Every item that comes in is thoroughly inspected and meticulously researched. Only items of high quality and in excellent, ready-for-the-rack condition are accepted.
“Our goal is to go to three or four different websites to see what the domestic market is selling (items) for and then try to price according to our market,” Youngs said.
And the work, which she said can be “overwhelming,” has paid off.
The shop’s proximity to Richmond hotels and event venues generates a constant flow of fascinating patrons, Youngs said. Robert Plant and his bodyguard stopped by once. Mandy Patinkin, Claire Danes and other cast and crew members on the show “Homeland” also visited the shop.
Musicians performing at The National, actors in shows at the Altria Theater and businessmen staying at the Quirk Hotel are regular shoppers.
They come in for all sorts of reasons. Some are looking for last-minute birthday or holiday gifts. Others perhaps broke a belt or stained a shirt right before a big presentation. Or maybe a groom forgot his shoes and frantically called for help 30 minutes before his wedding ceremony — a situation, Youngs said, she recently experienced.
“A groom in his tuxedo with his little boutonniere on … called me from the hotel and said, ‘Do you happen to have a size 10½ tuxedo shoes?’” she said. “I said, ‘Send him over, we’ve got ‘em.’”
‘I have a purpose’
Youngs has had ownership stake in 12 companies in industries ranging from insurance and catering to plastics manufacturing. She has worked in telecommunications and sales, lobbied on Capitol Hill, owned a travel agency and served as a hot air balloon pilot.

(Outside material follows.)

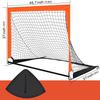 Portable Folding Soccer Goal for Kids - Movable Training Net Frame, Hot Selling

“I like what I’m doing,” she said. “I like our customer base … it’s just a little bit of everything and, to me, it’s quite interesting.
“It’s just … a lot of fun,” she said.
The joy she finds in the work helped her to weather the economic slowdown caused by the COVID-19 pandemic and the protests in the summer of 2020. And it prompted her to decline at least one offer on the store. She has no plans to close up shop anytime soon.
“I have a purpose; I have a place (here),” she said.